O menino entendeu e entende o peso do uniforme, o fardo da história, o eco dos 700 gols. E talvez tenha entendido, aos 17 anos, que vestir a camisa do Vasco é carregar um mundo nas costas – um mundo que não desiste, mas tropeça em si mesmo.
Roberto Dinamite partiu, mas deixou o seu conselho girando no ar, como bola suspensa na área, esperando o chute final. O Vasco continua em crise – e talvez continue por muito tempo, pois há clubes que precisam sofrer para existir. E o Vasco é um deles.
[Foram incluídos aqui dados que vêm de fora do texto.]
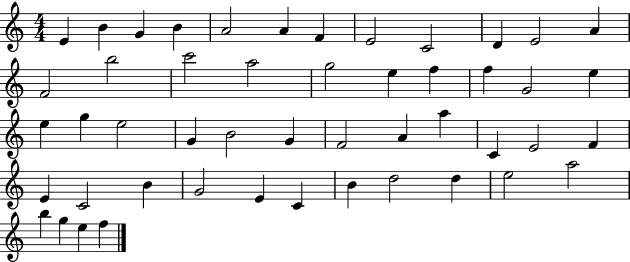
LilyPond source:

{
  \clef treble
  \numericTimeSignature
  \time 4/4
  \key c \major
  e'4 b'4 g'4 b'4 | a'2 a'4 f'4 | e'2 c'2 | d'4 e'2 a'4 | \break f'2 b''2 | c'''2 a''2 | g''2 e''4 f''4 | f''4 g'2 e''4 | \break e''4 g''4 e''2 | g'4 b'2 g'4 | f'2 a'4 a''4 | c'4 e'2 f'4 | \break e'4 c'2 b'4 | g'2 e'4 c'4 | b'4 d''2 d''4 | e''2 a''2 | \break b''4 g''4 e''4 f''4 | \bar "|."
} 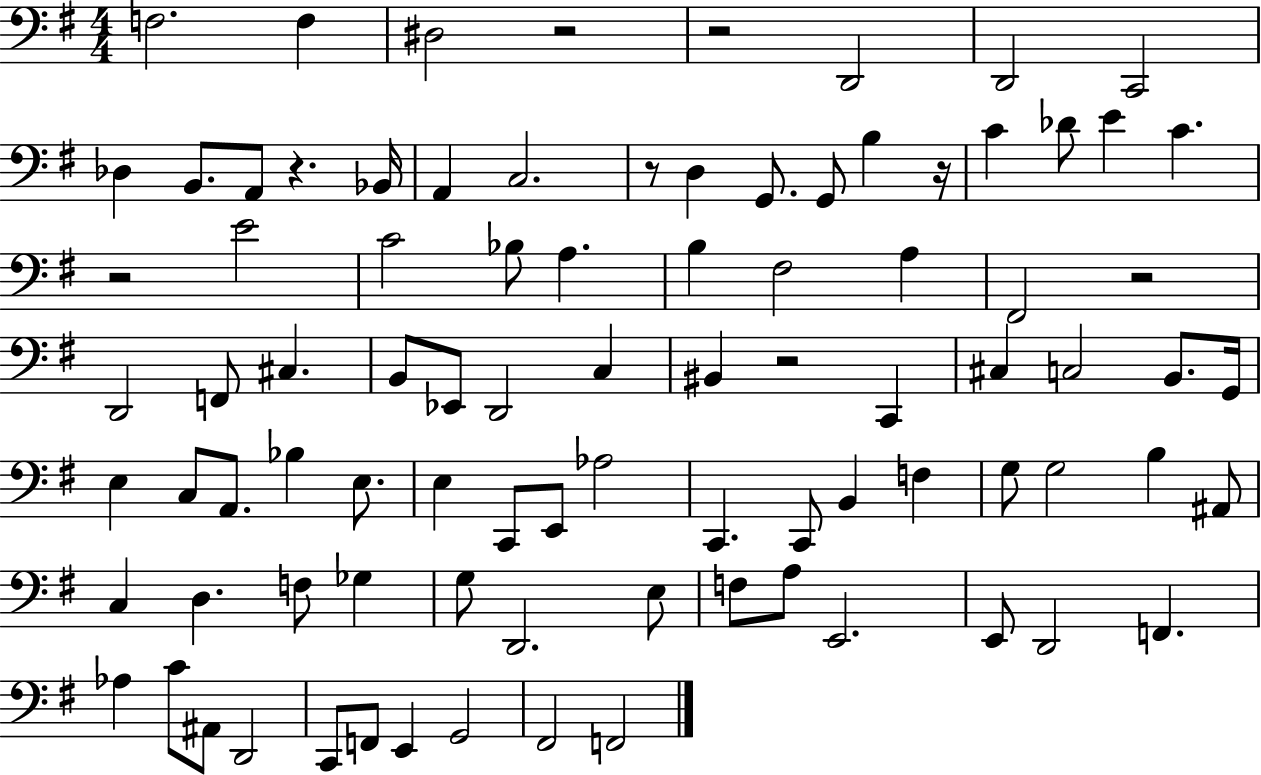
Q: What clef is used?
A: bass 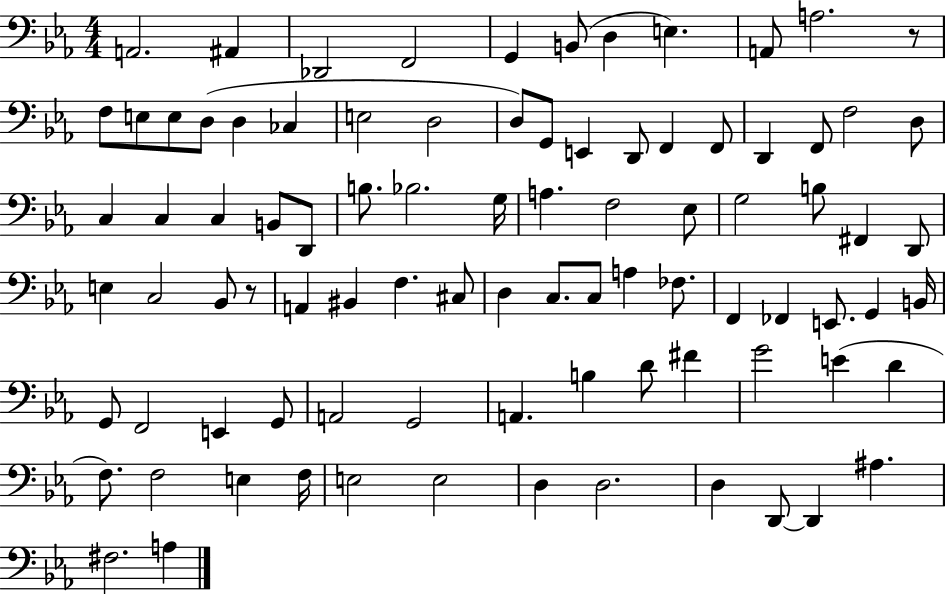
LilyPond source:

{
  \clef bass
  \numericTimeSignature
  \time 4/4
  \key ees \major
  \repeat volta 2 { a,2. ais,4 | des,2 f,2 | g,4 b,8( d4 e4.) | a,8 a2. r8 | \break f8 e8 e8 d8( d4 ces4 | e2 d2 | d8) g,8 e,4 d,8 f,4 f,8 | d,4 f,8 f2 d8 | \break c4 c4 c4 b,8 d,8 | b8. bes2. g16 | a4. f2 ees8 | g2 b8 fis,4 d,8 | \break e4 c2 bes,8 r8 | a,4 bis,4 f4. cis8 | d4 c8. c8 a4 fes8. | f,4 fes,4 e,8. g,4 b,16 | \break g,8 f,2 e,4 g,8 | a,2 g,2 | a,4. b4 d'8 fis'4 | g'2 e'4( d'4 | \break f8.) f2 e4 f16 | e2 e2 | d4 d2. | d4 d,8~~ d,4 ais4. | \break fis2. a4 | } \bar "|."
} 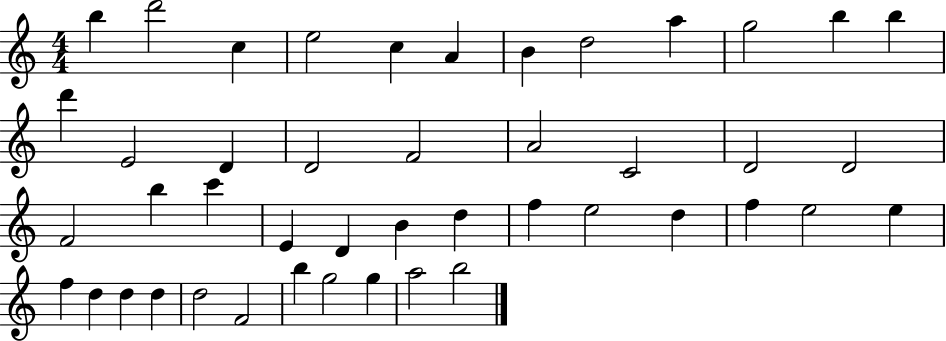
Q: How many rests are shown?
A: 0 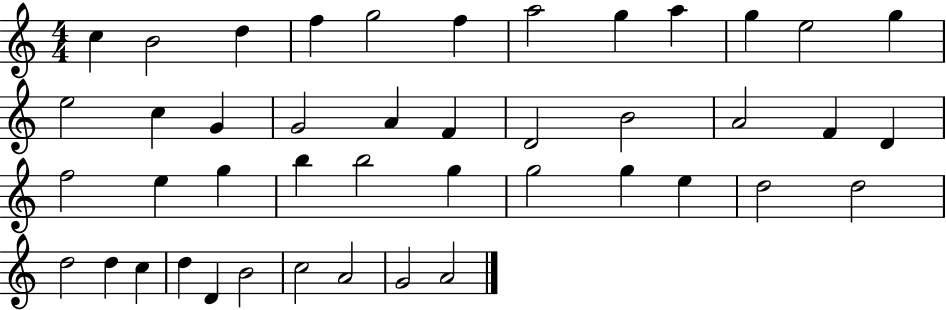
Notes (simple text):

C5/q B4/h D5/q F5/q G5/h F5/q A5/h G5/q A5/q G5/q E5/h G5/q E5/h C5/q G4/q G4/h A4/q F4/q D4/h B4/h A4/h F4/q D4/q F5/h E5/q G5/q B5/q B5/h G5/q G5/h G5/q E5/q D5/h D5/h D5/h D5/q C5/q D5/q D4/q B4/h C5/h A4/h G4/h A4/h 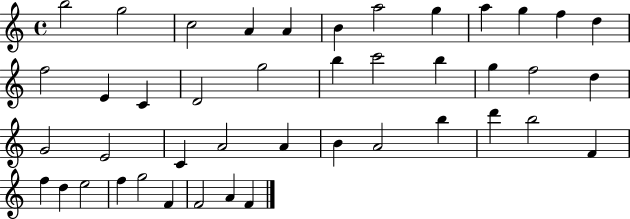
X:1
T:Untitled
M:4/4
L:1/4
K:C
b2 g2 c2 A A B a2 g a g f d f2 E C D2 g2 b c'2 b g f2 d G2 E2 C A2 A B A2 b d' b2 F f d e2 f g2 F F2 A F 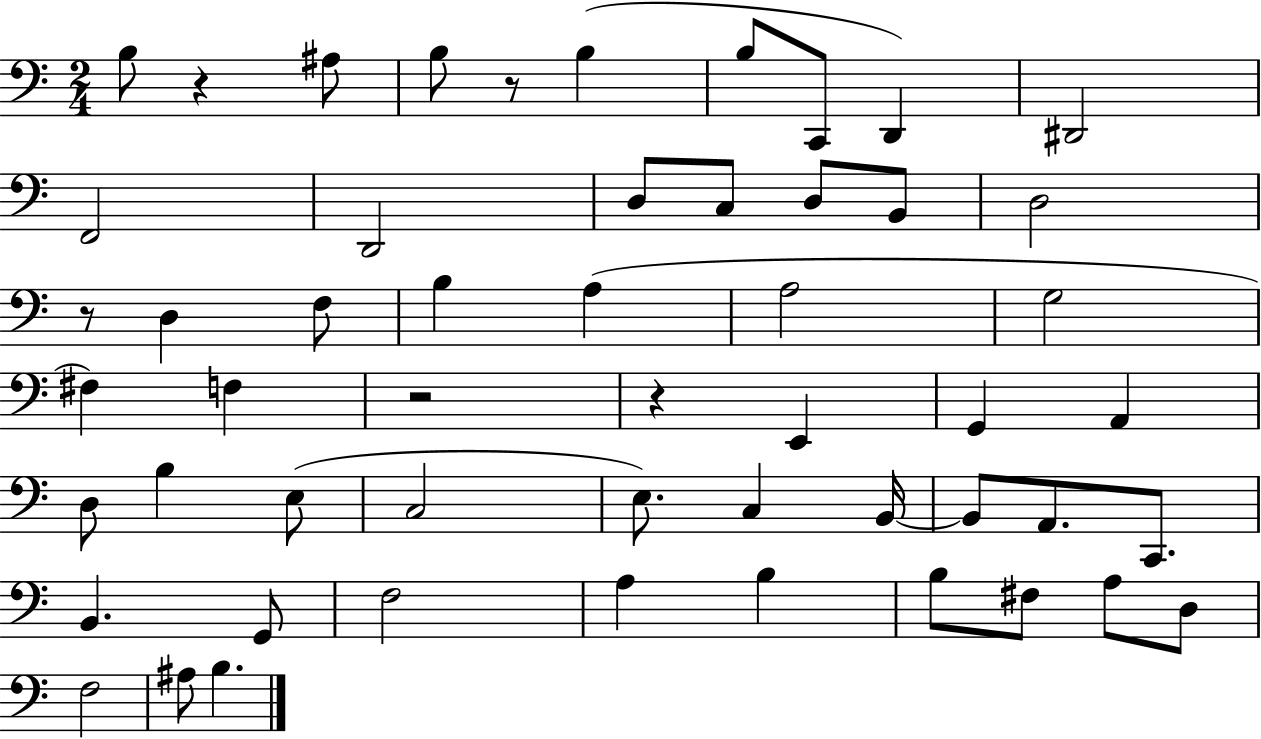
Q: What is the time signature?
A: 2/4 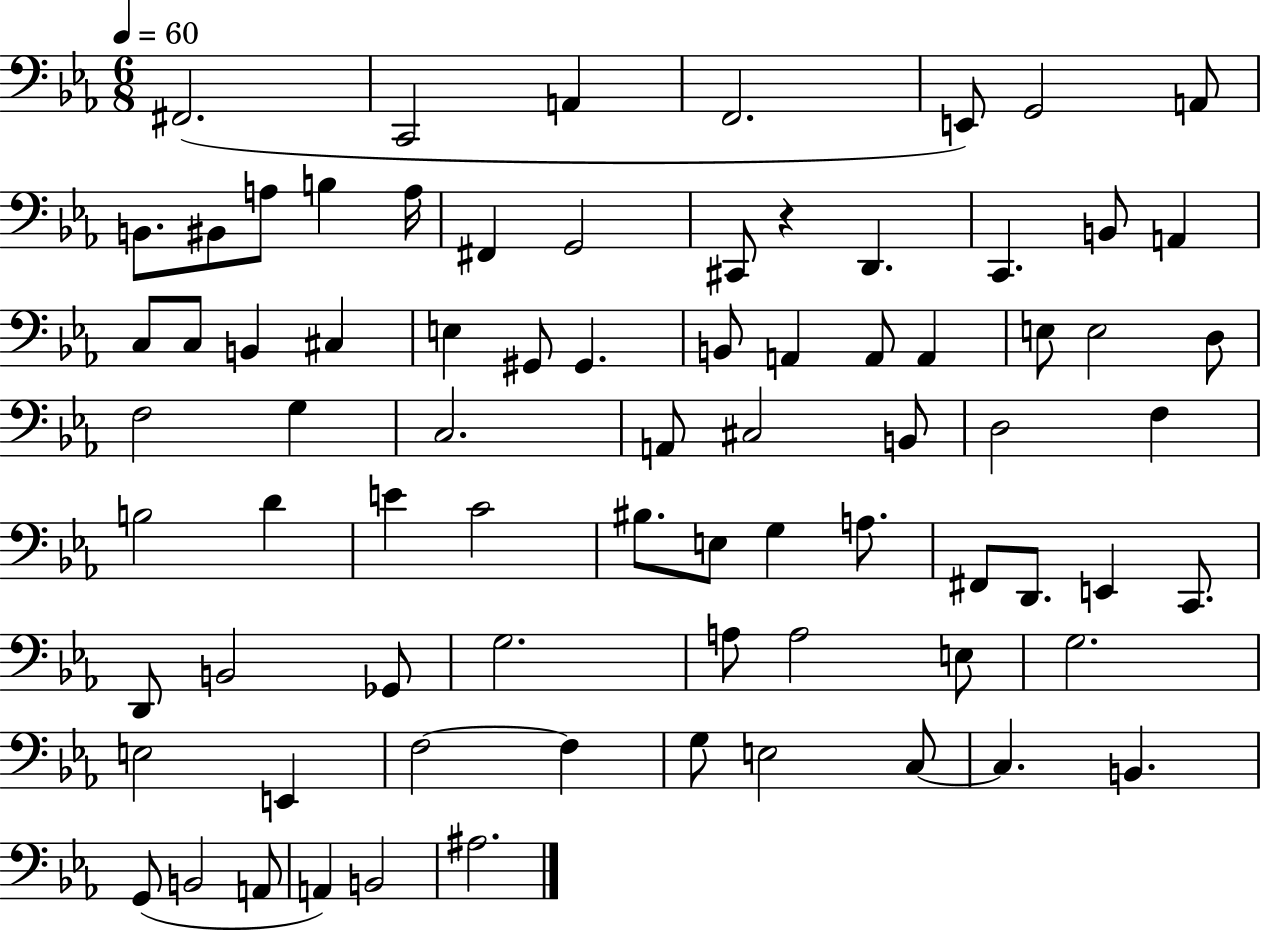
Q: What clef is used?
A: bass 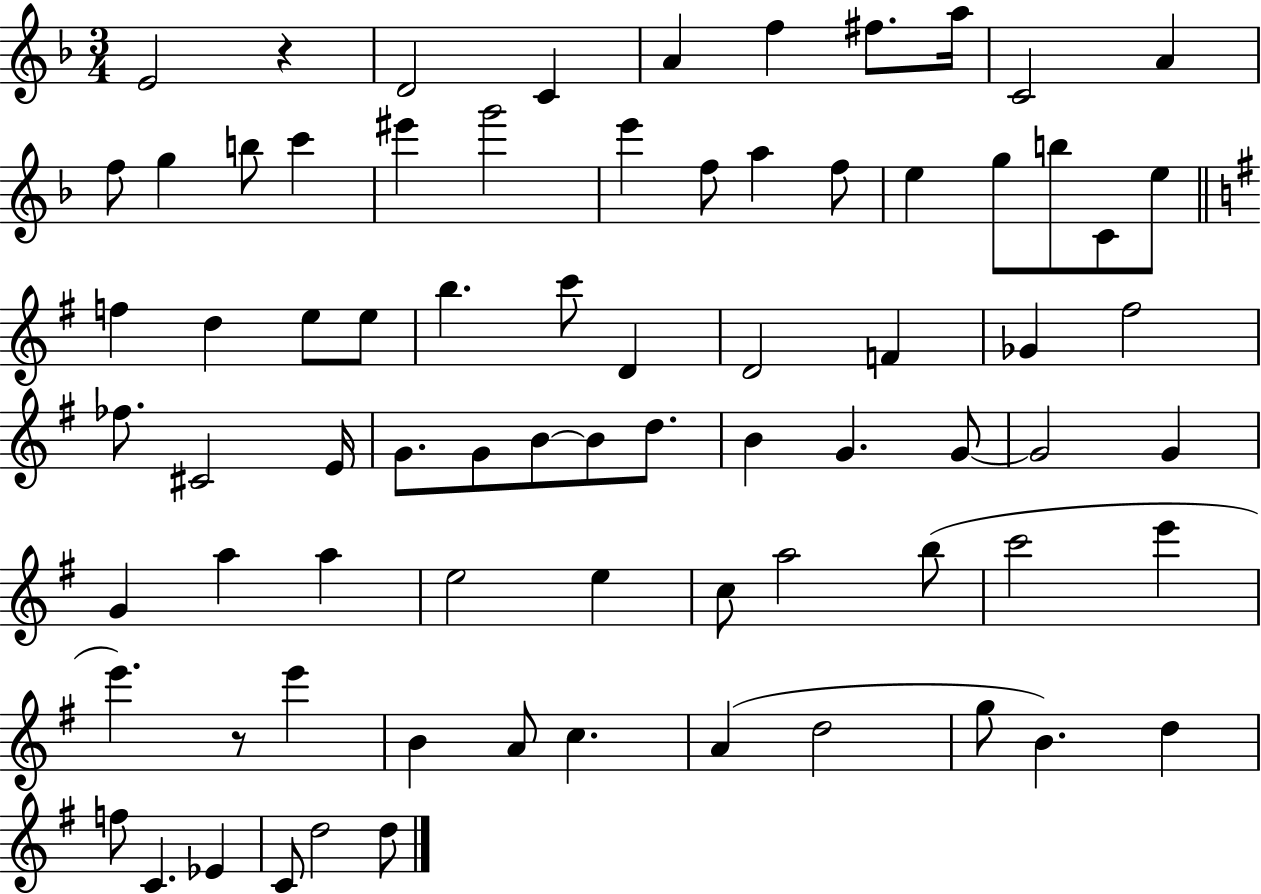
{
  \clef treble
  \numericTimeSignature
  \time 3/4
  \key f \major
  e'2 r4 | d'2 c'4 | a'4 f''4 fis''8. a''16 | c'2 a'4 | \break f''8 g''4 b''8 c'''4 | eis'''4 g'''2 | e'''4 f''8 a''4 f''8 | e''4 g''8 b''8 c'8 e''8 | \break \bar "||" \break \key e \minor f''4 d''4 e''8 e''8 | b''4. c'''8 d'4 | d'2 f'4 | ges'4 fis''2 | \break fes''8. cis'2 e'16 | g'8. g'8 b'8~~ b'8 d''8. | b'4 g'4. g'8~~ | g'2 g'4 | \break g'4 a''4 a''4 | e''2 e''4 | c''8 a''2 b''8( | c'''2 e'''4 | \break e'''4.) r8 e'''4 | b'4 a'8 c''4. | a'4( d''2 | g''8 b'4.) d''4 | \break f''8 c'4. ees'4 | c'8 d''2 d''8 | \bar "|."
} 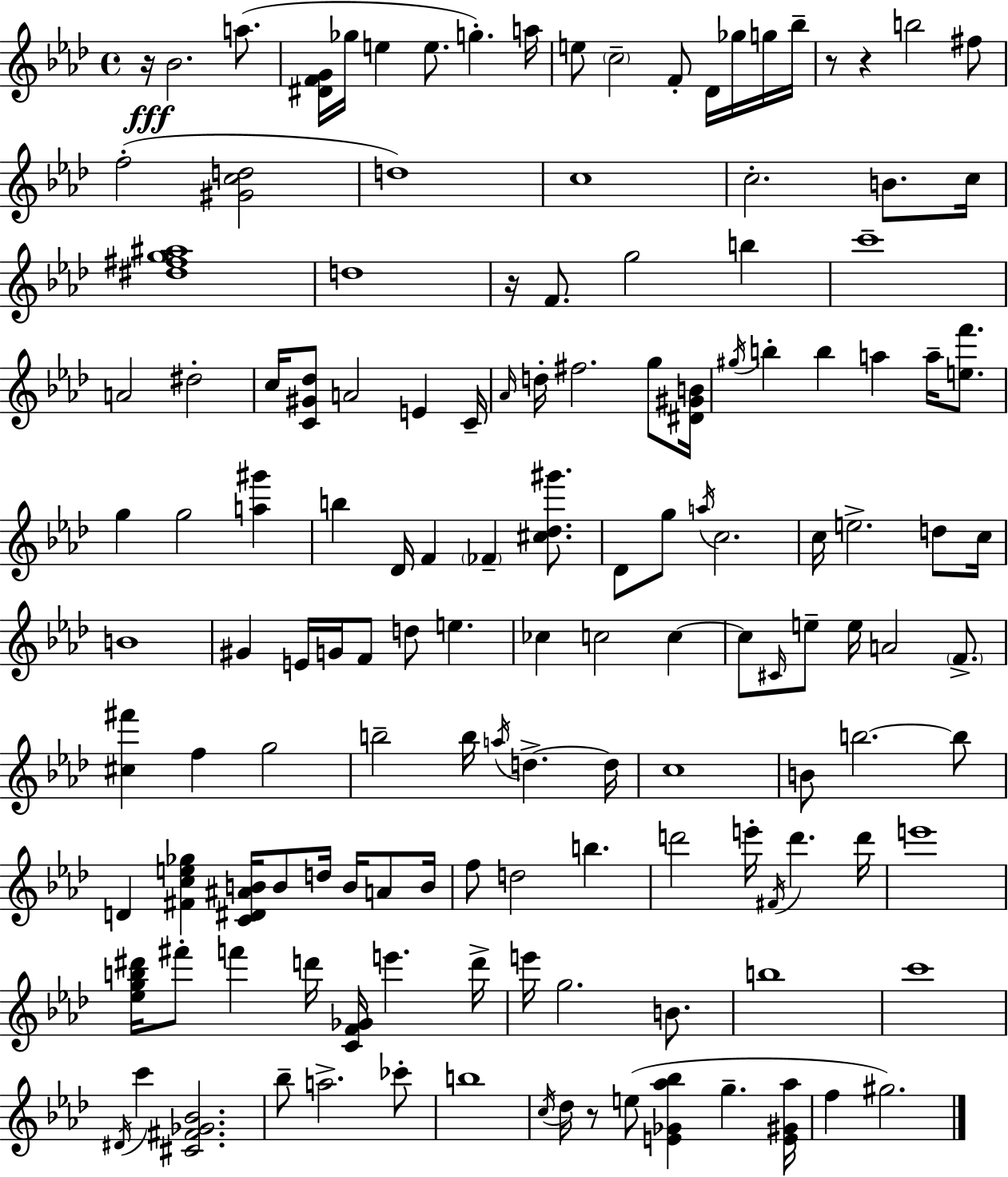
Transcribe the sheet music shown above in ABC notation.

X:1
T:Untitled
M:4/4
L:1/4
K:Fm
z/4 _B2 a/2 [^DFG]/4 _g/4 e e/2 g a/4 e/2 c2 F/2 _D/4 _g/4 g/4 _b/4 z/2 z b2 ^f/2 f2 [^Gcd]2 d4 c4 c2 B/2 c/4 [^d^fg^a]4 d4 z/4 F/2 g2 b c'4 A2 ^d2 c/4 [C^G_d]/2 A2 E C/4 _A/4 d/4 ^f2 g/2 [^D^GB]/4 ^g/4 b b a a/4 [ef']/2 g g2 [a^g'] b _D/4 F _F [^c_d^g']/2 _D/2 g/2 a/4 c2 c/4 e2 d/2 c/4 B4 ^G E/4 G/4 F/2 d/2 e _c c2 c c/2 ^C/4 e/2 e/4 A2 F/2 [^c^f'] f g2 b2 b/4 a/4 d d/4 c4 B/2 b2 b/2 D [^Fce_g] [C^D^AB]/4 B/2 d/4 B/4 A/2 B/4 f/2 d2 b d'2 e'/4 ^F/4 d' d'/4 e'4 [_egb^d']/4 ^f'/2 f' d'/4 [CF_G]/4 e' d'/4 e'/4 g2 B/2 b4 c'4 ^D/4 c' [^C^F_G_B]2 _b/2 a2 _c'/2 b4 c/4 _d/4 z/2 e/2 [E_G_a_b] g [E^G_a]/4 f ^g2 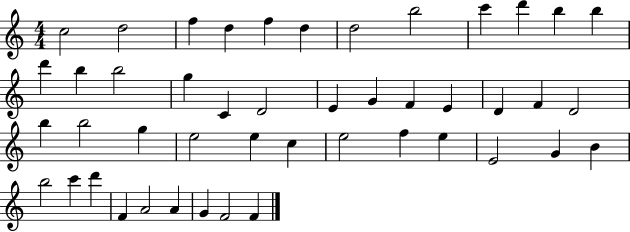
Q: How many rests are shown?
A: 0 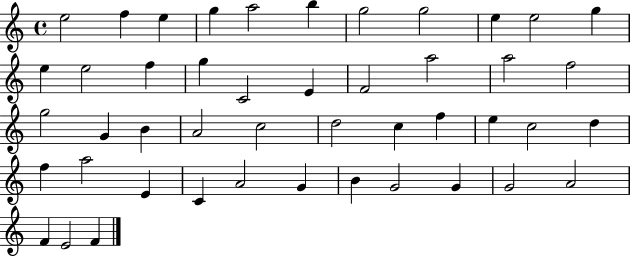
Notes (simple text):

E5/h F5/q E5/q G5/q A5/h B5/q G5/h G5/h E5/q E5/h G5/q E5/q E5/h F5/q G5/q C4/h E4/q F4/h A5/h A5/h F5/h G5/h G4/q B4/q A4/h C5/h D5/h C5/q F5/q E5/q C5/h D5/q F5/q A5/h E4/q C4/q A4/h G4/q B4/q G4/h G4/q G4/h A4/h F4/q E4/h F4/q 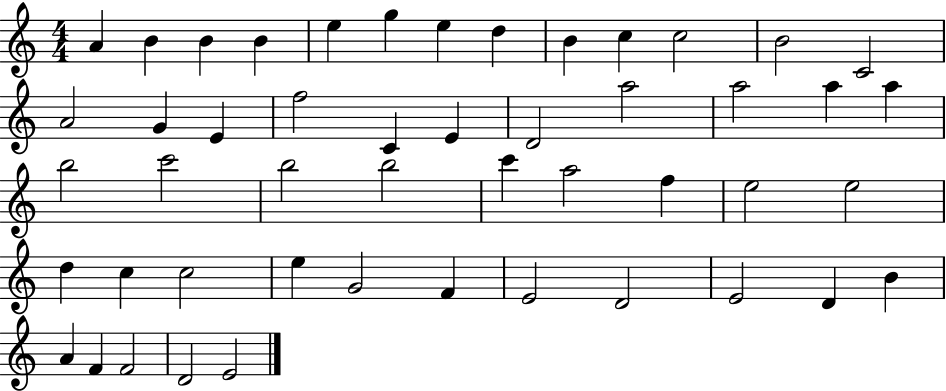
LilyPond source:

{
  \clef treble
  \numericTimeSignature
  \time 4/4
  \key c \major
  a'4 b'4 b'4 b'4 | e''4 g''4 e''4 d''4 | b'4 c''4 c''2 | b'2 c'2 | \break a'2 g'4 e'4 | f''2 c'4 e'4 | d'2 a''2 | a''2 a''4 a''4 | \break b''2 c'''2 | b''2 b''2 | c'''4 a''2 f''4 | e''2 e''2 | \break d''4 c''4 c''2 | e''4 g'2 f'4 | e'2 d'2 | e'2 d'4 b'4 | \break a'4 f'4 f'2 | d'2 e'2 | \bar "|."
} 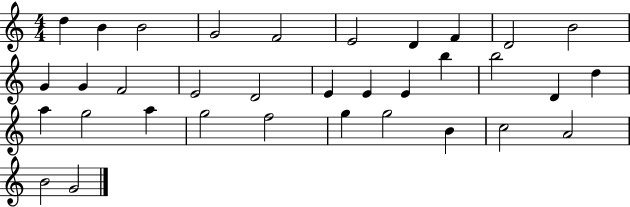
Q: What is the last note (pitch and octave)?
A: G4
Mas há também garotos como Rayan, que nascem para lembrar ao mundo que o sofrimento pode ser bonito, desde que venha com um drible.
E assim o menino entra em campo. A torcida olha e suspira, como quem reza. A cada toque de bola, o passado e o futuro se misturam, e por um instante – breve, luminoso, quase milagroso – São Januário volta a ser o templo onde os deuses do futebol ainda respiram.
Rayan corre, chuta, e o estádio inteiro grita, não apenas pelo gol, mas pela ressurreição de um clube que se recusa a morrer. E em algum lugar do além, talvez na arquibancada celestial, Roberto Dinamite sorri, com aquele olhar de quem sabe que o Vasco da Gama ainda vive, porque um garoto ousou acreditar.